The second step follows from $\text{(1)}$ together with non-negativity of $u_n - u_{n+1}$, and the third step follows from the assumption that $u_n\to0$ as $n\to\infty$. Therefore this shows that the convergence of $\sum_{n=1}^{\infty} n(u_n - u_{n+1})$ implies that of $\sum_{n=1}^{\infty} u_n$.

Answer 4

Here is yet another answer.

Suppose $a_n\searrow0$ as $n\rightarrow\infty$. $\sum_n a_n<\infty$ iff $na_n\xrightarrow{n\rightarrow\infty}0$ and $\sum_n n(a_n-a_{n+1})<\infty$.

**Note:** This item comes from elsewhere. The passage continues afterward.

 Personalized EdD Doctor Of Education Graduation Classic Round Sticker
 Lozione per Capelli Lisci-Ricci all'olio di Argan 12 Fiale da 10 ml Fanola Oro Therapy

First, using Abel's summation by parts we have \begin{align} \sum^N_{k=1}a_k=\sum^N_{k=1}(k-(k-1))a_k=\sum^{N-1}_{k=1}k(a_k-a_{k+1}) + Na_N \tag{1}\label{one} \end{align}

Sufficiency is then clear from \eqref{one}

To prove necessity, it is enough to show that $na_n\xrightarrow{n\rightarrow\infty}0$. Recall that from Cauchy's condensation theorem, convergence of $\sum_na_n$ and the fact that $a_n$ is nonincreasing is equivalent to convergence of $\sum_k 2^k a_{2^k}$. This in particular implies that $2^ka_{2^k}\xrightarrow{k\rightarrow\infty}0$. Now, for any $n\in\mathbb{N}$, there is a unique $k_n\in\mathbb{Z}_+$ such that $2^{k_n}\leq n< 2^{k_n +1}$; hence $$na_n\leq na_{2^{k_n}}\leq 2\,2^{k_n}a_{2^{k_n}}\xrightarrow{n\rightarrow\infty}0$$ The desired conclusion follows.